10 jaar doorworstelen
De financiële last werd ondertussen echter alleen maar groter. Nét voor de crisis was de bouw van hun nieuwe huis begonnen, tijdens de crisis raakten ze hun oude huis aan de straatstenen niet meer kwijt. 'Toen zaten we met twee huizen', vertelt Inge. 'De hypotheek konden we niet meer betalen. Als het bedrag geïncasseerd was, storneerden we dat. Maar dat kun je natuurlijk niet blijven doen.' Op een gegeven moment trok de bank een streep. 'Onze achterstand was te groot geworden.'
Bert: 'We gaven aan dat we graag in de schuldsanering wilden vanwege de hoge hypotheekrestschuld, maar daar gaf de bank geen toestemming voor. We verdienden te veel, volgens hun criteria.' Bij de bank kregen ze bovendien diverse keren te maken met nieuwe contactpersonen. 'Onze vertrouwenspersonen vertrokken en wij kregen steeds met nieuwe relaties te maken. Zo hebben we een jaar of 10 doorgeworsteld met de bank.'
In de goot
Ze probeerden wel steeds af te lossen, maar de achterstanden hoopten zich op. Op een dag kregen ze een brief van weer een nieuwe medewerker, met daarin drie mogelijke oplossingen. 'De bank eiste feitelijk dat we de restschuld in één keer terug zouden betalen', vat Bert samen. 'Dat ging om een paar ton. Onhaalbaar voor ons, dan zouden we in de goot belanden.'
Ten einde raad klopten ze aan bij de afdeling Schulddienstverlening van de Regionale Sociale Dienst Kromme Rijn Heuvelrug (RSDKRH). Deze organisatie verzorgt onder andere financiële hulpverlening. Dat doet zij voor de deelnemende gemeenten De Bilt, Bunnik, Utrechtse Heuvelrug, Wijk bij Duurstede en Zeist.

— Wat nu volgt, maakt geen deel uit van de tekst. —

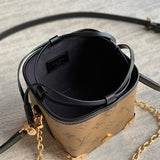  signature satchel styled with outfit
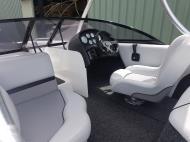 VIEW SLEEKLINE CX22 IMAGE 3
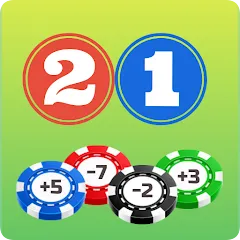 Скачать взлом Number master - Number puzzle  [МОД Бесконечные деньги] - полная версия apk на Андроид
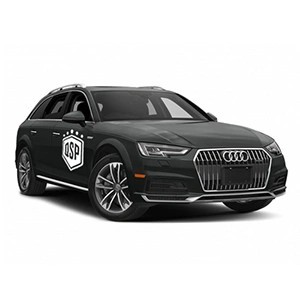 Accessori e Luci LED Xenon Per Audi A4 Allroad B9 | QSPCARS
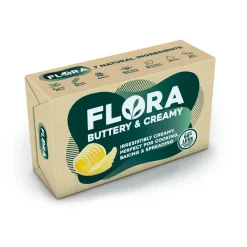 FLORA PLANT B+TTER  500 G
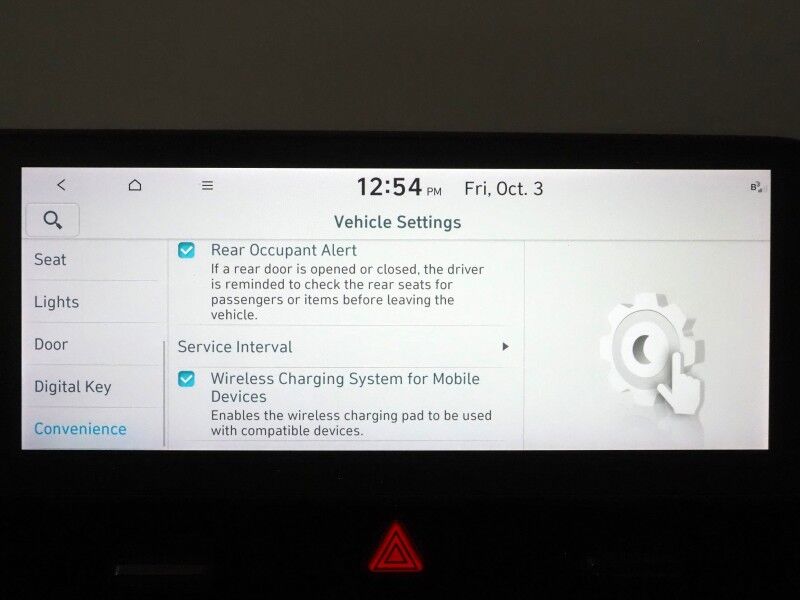 2023 Hyundai IONIQ 5 Limited AWD *HEADS-UP DISPLAY, PANORAMA GLASS ROOF, NAVIGATION, ADAPTIVE CRUISE, 360 VIEW CAMERAS, SMART PARKING, CLIMATE SEATS, HEATED STEERING, WIRELESS CHARGING, BOSE AUDIO, APPLE CARPLAY Round Rock TX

Hulpverlener Edsmayda Doran maakte samen met Bert en Inge een berekening. 'We hebben bij de bank aangegeven dat geen van de drie opties haalbaar was met het beschikbare budget. Maar de bank liet in een brief weten dat er een keuze gemaakt móest worden.'
Edsmayda: 'We hebben eerst gekeken of een BBZ-krediet mogelijk was. Dat was geen optie omdat mevrouw een inkomen uit loondienst heeft. Toen hebben we aangegeven dat we een schuldregeling wilden starten. Aan de hand van de cijfers en de aangiftes constateerden wij dat het bedrijf van Bert levensvatbaar was. We hebben daarom geen apart levensvatbaarheidsonderzoek laten doen, we konden ons direct richten op de spaarsanering.'
In maart 2021 begon de regionale Sociale Dienst (RSD) met het opvragen van de vorderingen, in december was de regeling pas akkoord. 'Het voortraject duurde veel langer dan de 12 weken die er gemiddeld voor staan, omdat ook de Belastingdienst schuldeiser was. Die wilde heel veel informatie omdat Bert zzp'er is.'
'Pauzeknop zou mooi zijn'
Als je te maken krijgt met een ondernemer met schulden, probeer dan om 'naast de klant te gaan staan', adviseert Edsmayda. 'Wij vragen heel veel informatie op en stellen net zoveel vragen totdat we precies weten wat er is gebeurd en hoe de huidige situatie is.'
De gemeente waar Bert en Inge wonen heeft er bewust voor gekozen om de schuldhulpverlening aan ondernemers zelf te doen en geen extern bureau in te schakelen. Daar heeft Edsmayda van geleerd dat er dan wel voldoende tijd nodig is. 'Schuldhulpverlening aan ondernemers kan best complex zijn, vooral als het gaat om zekerheden van schuldeisers of wanneer er meerdere schuldeisers zijn. Vaak willen schuldeisers dat de schulden zo snel mogelijk worden ingelost. Maar het is juist belangrijk om de tijd te nemen zodat je samen met de klant het probleem in kaart kunt brengen. Het mooiste zou zijn als er een pauzeknop ingedrukt kon worden.'
Advies over bedrijfsvoering
De RSD geeft ondernemers met schulden ook adviezen over de bedrijfsvoering. 'Bij Bert was de boekhouding gelukkig redelijk op orde. Met zijn boekhouder hebben we besproken welk bedrag we uit het bedrijf konden halen voor privégebruik en wat er maandelijks betaald moet worden voor de voorlopige aanslag.'
Het is belangrijk dat je als gemeente niet op de stoel van anderen gaat zitten, tipt Edsmayda. 'Blijf op je eigen werkveld. Luister goed naar wat de klant nodig heeft en schakel hulp in als dat nodig is, bijvoorbeeld van ketenpartners, een boekhouder, stichting Over Rood, het Instituut voor het Midden en Kleinbedrijf (IMK).'
Ze adviseert ook om collega's die nog geen ervaring hebben met schuldhulpverlening aan ondernemers, de kans te geven hier kennis en ervaring mee op te doen. 'En laat ze er vervolgens gewoon mee beginnen. In de praktijk leer je veel meer dan op papier.'
Vrij van schulden
Ze geeft aan dat de samenwerking met Bert en Inge heel prettig was. 'De wil om de schulden op te lossen was duidelijk aanwezig.' Ook Bert en Inge zijn er tevreden over. 'Wij hebben alle vertrouwen in Edsmayda', zegt Inge.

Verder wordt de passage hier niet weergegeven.